The final output of CD-GRP is a global waypoint sequence:

$$\mathcal{W}=\{w_1,w_2,\dots ,w_K\},$$

(12)

which provides high-level guidance for the subsequent hierarchical switching policy.

The overall cost-map fusion and incremental reachability planning process of CD-GRP is illustrated in Figure 2.

3.4. Hierarchical Safe Switching Policy

Due to the discontinuous dynamics between water and land motion, directly learning a monolithic policy often leads to unstable behaviors during medium transitions. To address this issue, we propose a Hierarchical Safe Switching Policy (HSSP), which learns to select appropriate domain-specific motion modes while maintaining switching stability.

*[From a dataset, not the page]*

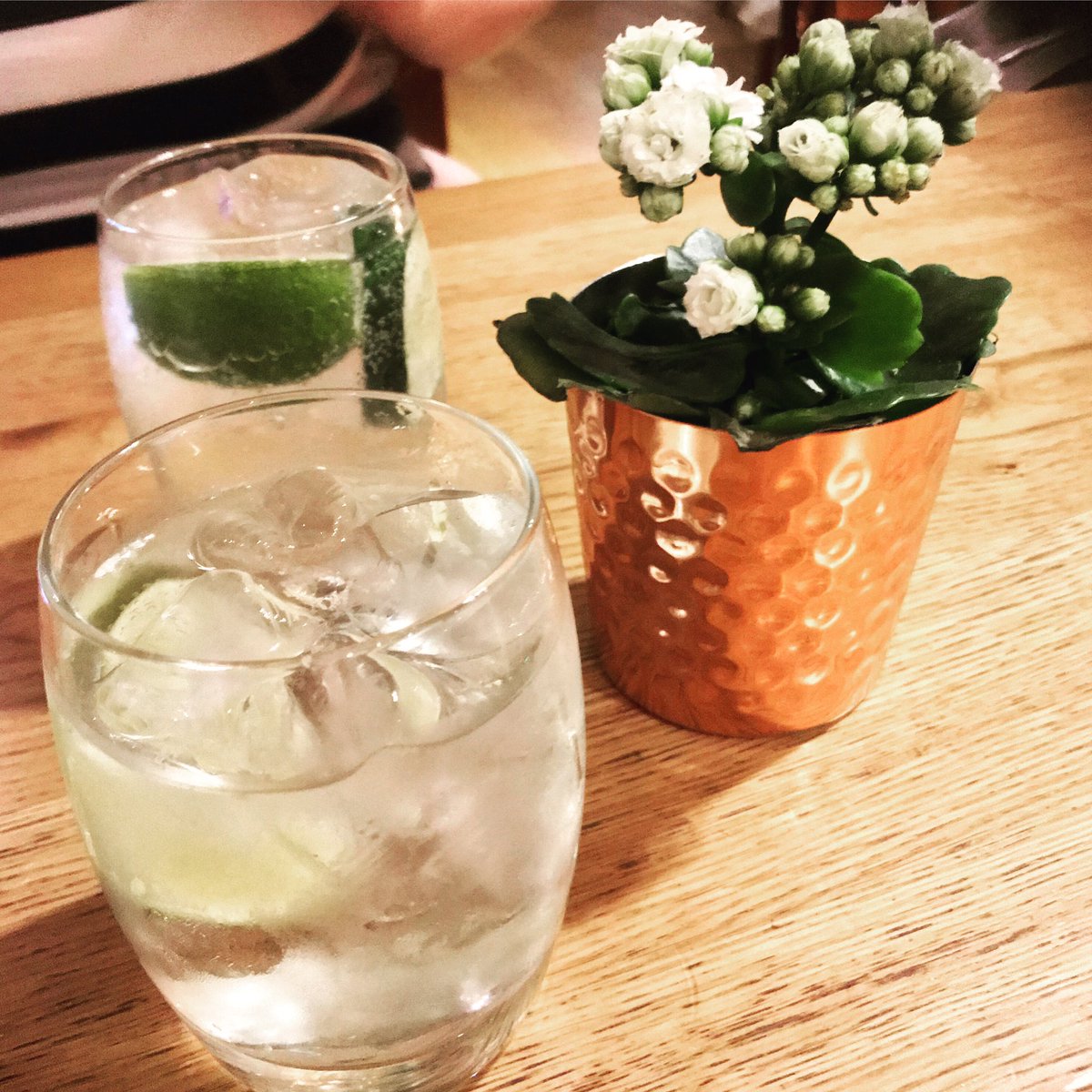AshesEvason's tweet photo. Great #gym #session with the #fabulous @kaylen__mezzosoprano tonight! And now... our go to a #drinkie #gymbunnies #gymbuddies #gettingfittogether #holidaybodiesinthemaking #musicaltheatreperformer #dancer https://t.co/IsAJ97gRAN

At each decision step, the high-level switching policy selects an option:

$$o_t\sim {\pi }_H\left(o\right|s_t;{\theta }_H),o_t\in \{\mathrm{water},\mathrm{transition},\mathrm{land}\},$$

(13)

where ${\pi }_H\left(o\right|s_t;{\theta }_H)$ is a neural policy network that takes the current state $s_t$ and global waypoint guidance $\mathcal{W}$ as input.

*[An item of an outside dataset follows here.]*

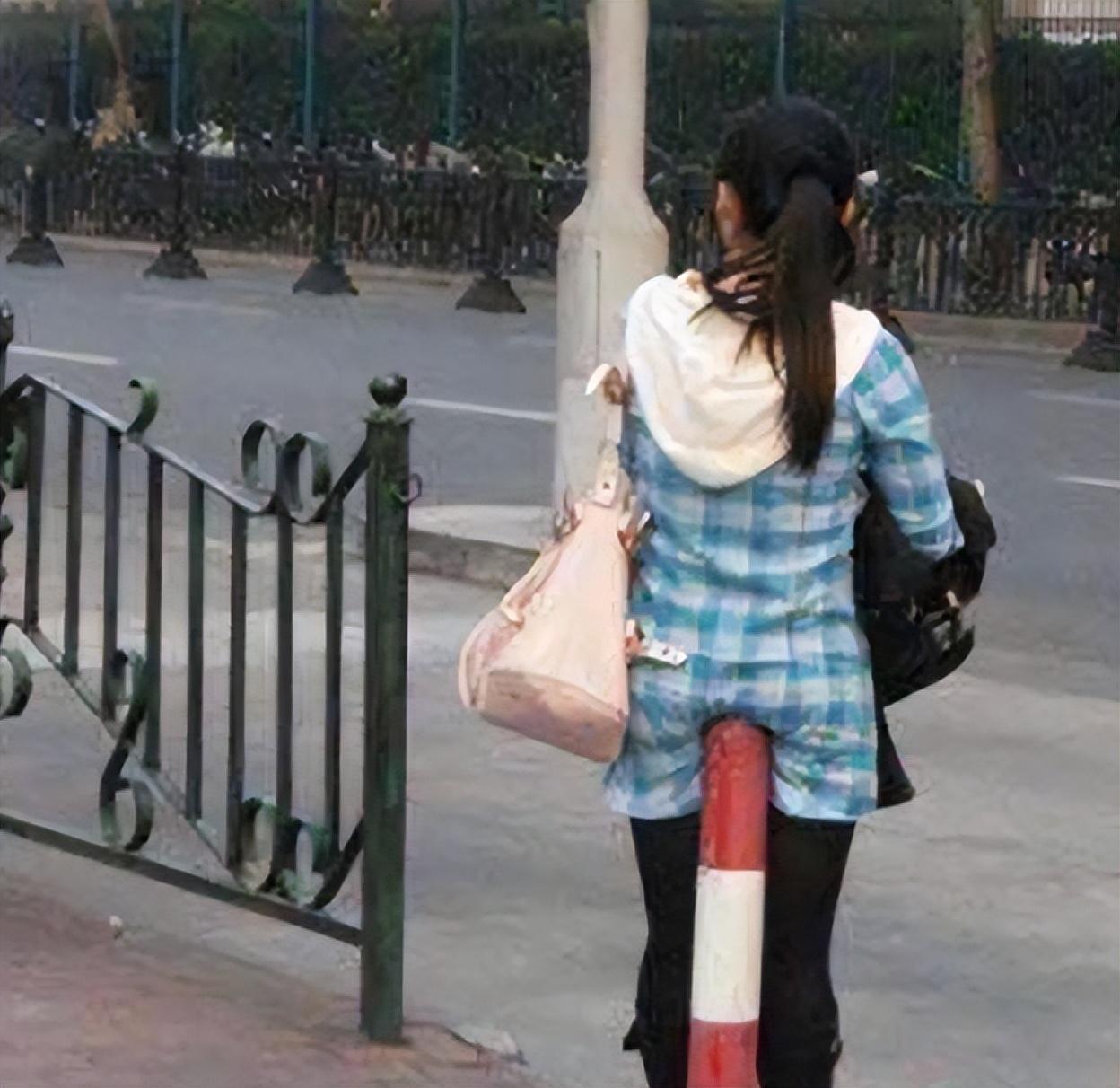 走路走累了躺下歇一歇,走路走累了坐地上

Once an option is selected, it remains active until a termination condition is satisfied:

$$\beta \left(o_t\right|s_t)=\left\{\begin{array}{cc}1,\hfill & \mathrm{if}{s}_t\in {\mathcal{S}}_t\mathrm{or}\mathrm{waypoint}\mathrm{reached},\hfill \\ 0,\hfill & \mathrm{otherwise}.\hfill \end{array}\right.$$

(14)

To discourage unnecessary frequent medium switching, a switching regularization loss is introduced:

$${\mathcal{L}}_{sw}={\lambda }_{sw}{\parallel {\pi }_H\left(·\right|s_t)-{\pi }_H\left(·\right|s_{t-1})\parallel }_2^2,$$

(15)

where ${\lambda }_{sw}$ controls the stability penalty strength, which softly penalizes abrupt changes in option distributions to ensure stable and smooth medium-switching behaviors.

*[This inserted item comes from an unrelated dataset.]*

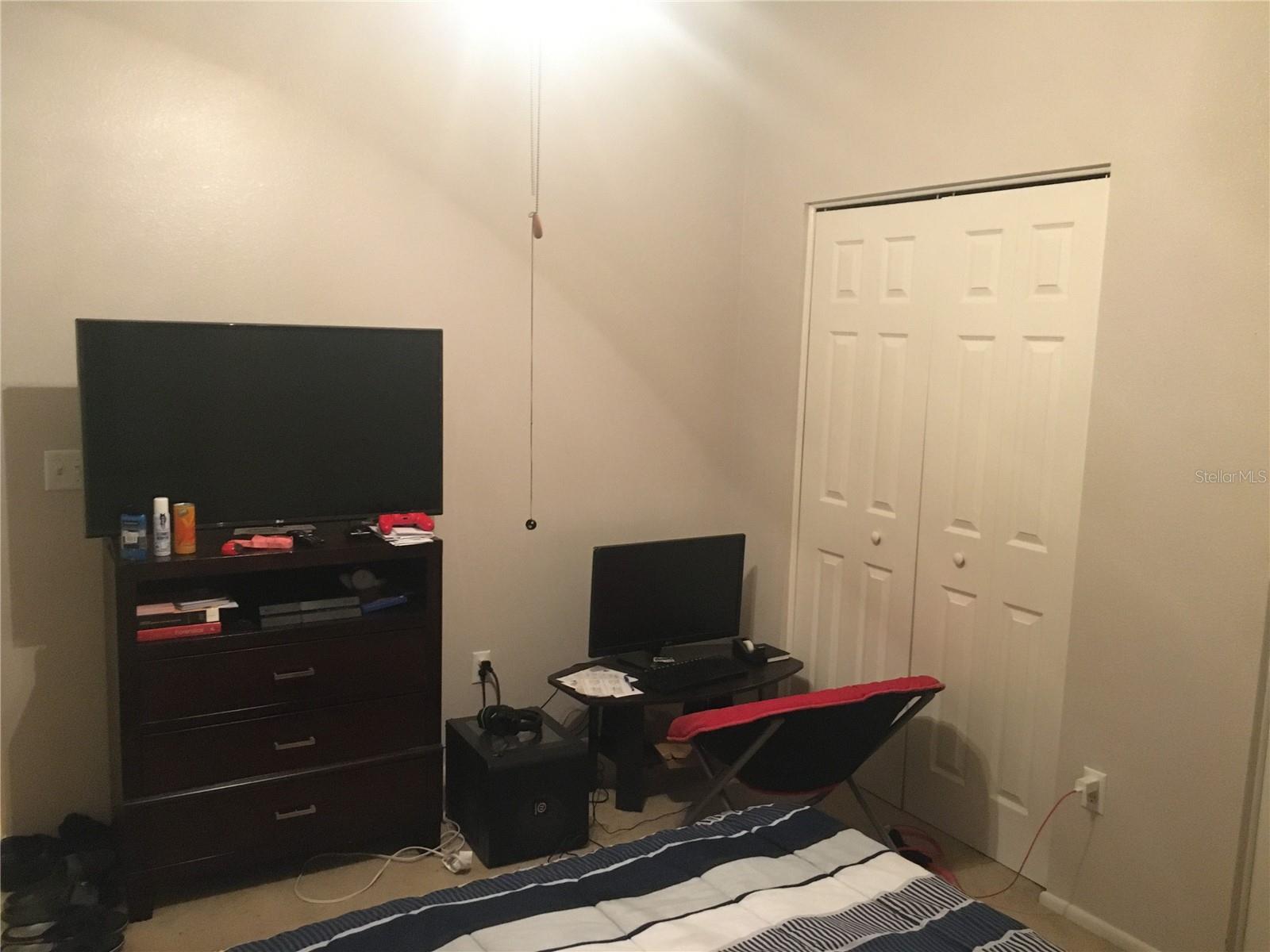 Image 13 of 24 For 427 Kensington Lake Circle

The high-level switching policy is optimized using a clipped PPO objective:

$${\mathcal{L}}_H\left({\theta }_H\right)={\mathbb{E}}_t\left[min\left(r_t\left({\theta }_H\right){\widehat{A}}_t,\mathrm{clip}(r_t\left({\theta }_H\right),1-ϵ,1+ϵ){\widehat{A}}_t\right)\right],$$

(16)

where $r_t\left({\theta }_H\right)={\displaystyle \frac{{\pi }_H\left(o_t\right|s_t;{\theta }_H)}{{\pi }_H\left(o_t\right|s_t;{\theta }_H^{old})}}$ and ${\widehat{A}}_t$ is the advantage estimate.

The execution loop and optimization flow of the proposed HSSP are illustrated in Figure 3.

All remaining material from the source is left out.